Other participants also commented on parental behavior that they could not comprehend. As a young child, Natalie wondered why her mother literally drank herself to death a few years after the loss of a baby, and why she made no effort to stay alive for Natalie, who was then the youngest child. Kevin could never understand why his father clamped down on Kevin’s enthusiasm and then humiliated him for moments of eagerness. Darlene could not understand the behavior of her mother and grandmother who had “no boundaries.” Because the participants could not make sense of these parental behaviors that seemed erratic, unpredictable, and unexpected, they used the labels “wacked” or “crazy” to capture the sense that their parents’ behaviors were somehow outside the boundaries of normal.

Initial Negative Reactions

When initially diagnosed, the participants’ first associations to the label of bipolar disorder were that they were crazy. The participants used colloquial and pejorative terms like “nuts,” “wacked,” “crazy,” “lithium-laced wack job,” and “yippy skippy,” rather than more generic terms, such as “ill,” “sick,” “troubled,” or “mental illness,” to describe their initial associations. They associated to the most psychotic and out of control manifestations of mania, referring to the extreme behaviors of people with bipolar disorder, such as “having sex with six guys or spending $20,000 … and jumping off roofs” (Darlene). These initial reactions seem to reflect societal associations to bipolar disorder as a significantly more serious classification than depression, a diagnosis with which most participants were familiar and comfortable.

These findings are noteworthy, especially considering that this is an articulate, well-educated, and socially sophisticated group. The participants had command of a rich and expressive vocabulary; their thinking was complex and nuanced; and their analyses were deep and insightful. Therefore, one might conclude that their use of pejorative colloquial language and their references to the most extreme manic behaviors are meaningful and interpretable.

Societal discourse continues to pathologize mental illness in general and bipolar disorder specifically, even in this era of public sensitivity about diversity. One example comes from a satire about political correctness. In response to the negative societal associations to words like “mad,” “madness,” “crazy,” “nuts,” and “wacked” (the very words participants used when they were first diagnosed), the National Alliance for the Mentally Ill (NAMI) and other organizations urged people to avoid use of such terms due to their negative connotations. In response, the satirist Borowitz (2007) mocked that position. His sardonic “news report” stated that the National Collegiate Athletic Association had changed the name of the March collegiate basketball tournament from “March Madness” to “March Bipolar Disorder,” inferring that the term “bipolar disorder” is synonymous with “madness.” The implication was that the only difference between the terms is that “madness” is an unacceptable, pejorative, unpolitically correct term whereas “bipolar disorder” is the proper term for the same construct.

Our society continues to be inundated with movies and cultural products that portray an exaggerated version of bipolar disorder and mental illness.

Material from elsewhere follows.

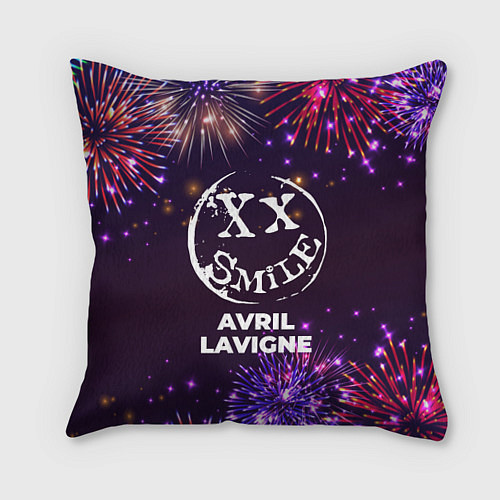 Подушка квадратная Праздничный Avril Lavigne / 3D-принт – фото 1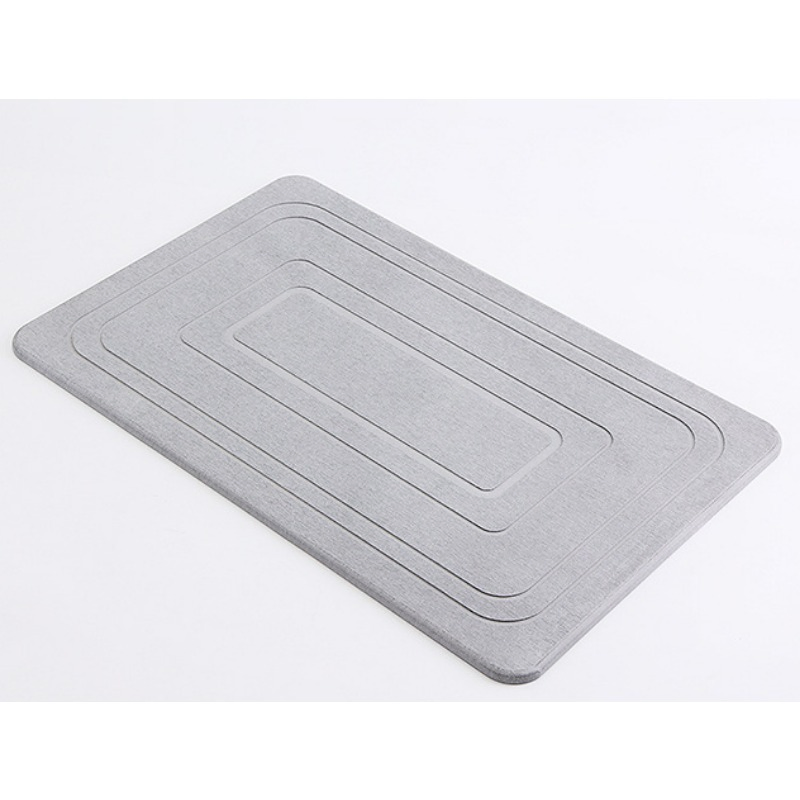 2024 Hot Sale Custom Anti-Slip Stone Diatomite Mud Easy Cleaning Bath Mat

Cultural images were even more charged in the second half of the twentieth century when the participants came of age, with movies such as One flew over the cuckoo’s nest and Taxi driver. Taking into account the power of these cultural images, it is understandable that when people are first labeled with bipolar disorder, they associate to psychosis, hospitalization, extremely low functioning, and exaggerated behaviors.

Further support for the societal association between bipolar disorder and mental illness is the fact that some of the participants had received the clear message from authorities (psychiatrists) that bipolar disorder is a much more serious disorder than depression. This occurred when participants were assured years earlier that they did not have bipolar disorder, as if it were a terrible fate narrowly avoided. Since the assurance was in the form of a negation, the impact of the affirmation (now, years later) makes the diagnosis feel even more serious. Darlene’s story is a representative one:

I remember that my doctor said, “Now I’m not putting you on lithium because you’re bipolar, because that’s not what I think.” Like—, he was like, “Don’t get worried, I’m not considering you bipolar. I just wanna try this lithium to help the Prozac.”

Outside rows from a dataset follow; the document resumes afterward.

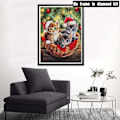 Miniatyrbilde 2 av 5: ##/Jule-diamantmalerisett 5D, 12x16 tommer, Katt##/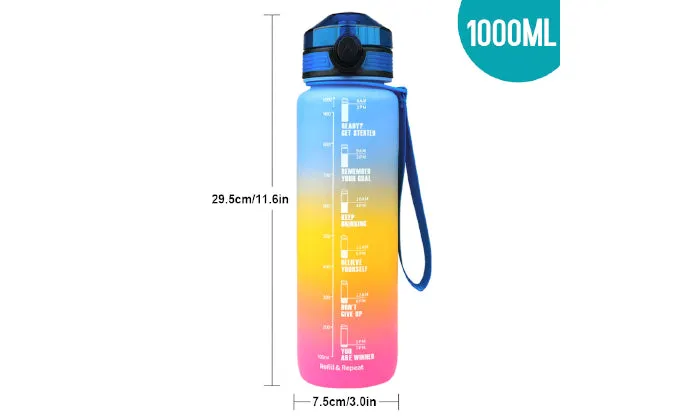 1000ml Water Bottle - Pink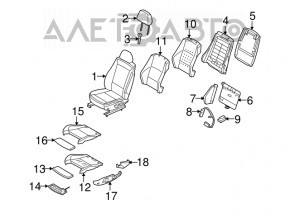Driver's seat BMW 335i e92 07-08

The unmistakable message was that bipolar disorder is of significant concern. With the new bipolar diagnosis, society and the medical establishment were now telling participants they have a significant disorder and are (or will become) crazy. The “gaze of the other” was now reflecting something much more serious.

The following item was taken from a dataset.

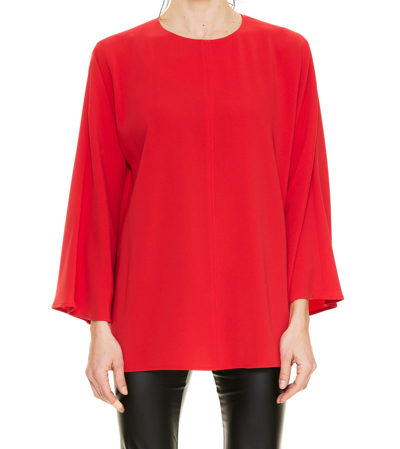 Shop Alberto Biani Blouse In Red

With the diagnosis of bipolar disorder, all that changed was the public label. Participants had already been hospitalized for suicidal gestures or attempts, often years earlier. They had already experienced what came to be called mood fluctuations, anxiety, and depression; and they had already had episodes of sleeping excessively, crying uncontrollably, feeling extremely angry, or meeting endless people on the Internet, activities they later associated with bipolar disorder. For years, the participants had experienced the so-called symptoms that became the evidence and support for the bipolar label. Nonetheless, the impact of being assigned the bipolar label was life changing.

A Group Relations Analysis

The group relations perspective seems useful for conceptualizing why the impact of the bipolar label was so powerful. The label may have felt devastating if we view the participants as having fully incorporated or “swallowed whole” the negative societal associations linking bipolar disorder with madness. Their initial reactions were like a rote repetition of the stereotypes. Participants were all adults when diagnosed, so they had a lifetime to learn about crazy people who, until that moment, were “other,” and not self. Thus, the dilemma lies in incorporating what was formerly “not-me” into a sense of self. Psychodynamic group relations perspectives, including those of Volkan (1997), Sullivan (1953), Klein (1959/1985), and Bion (1959), provide a framework for understanding these processes.

In psychodynamic group relations understandings, the dominant group projects fearful and negative affects into a tainted outgroup. It then lodges in that group’s members those feared qualities (Volkan, 1997). Cultural rituals and objects reinforce the otherness and the inferiority of the outgroup’s members. The stereotyped negative qualities of outgroup members are absorbed by young children in an unchallenged manner. The process of incorporating undigested stereotypes is part of the developmental process when young children hear terms and ideas from their parents and treat them as absolute truth. Even older children will echo their parents’ off-hand comments, which they had incorporated in an unanalyzed manner. For example, my nephew Jacob, at age 11, announced that he would “have a midlife crisis” if he had to do homework over the weekend. He probably heard his mother use this phrase; he may not have fully understood its meaning, but he knew that it is associated with unpleasant angst. For the participants, however, what was undigested is much more serious than the notion of a midlife crisis.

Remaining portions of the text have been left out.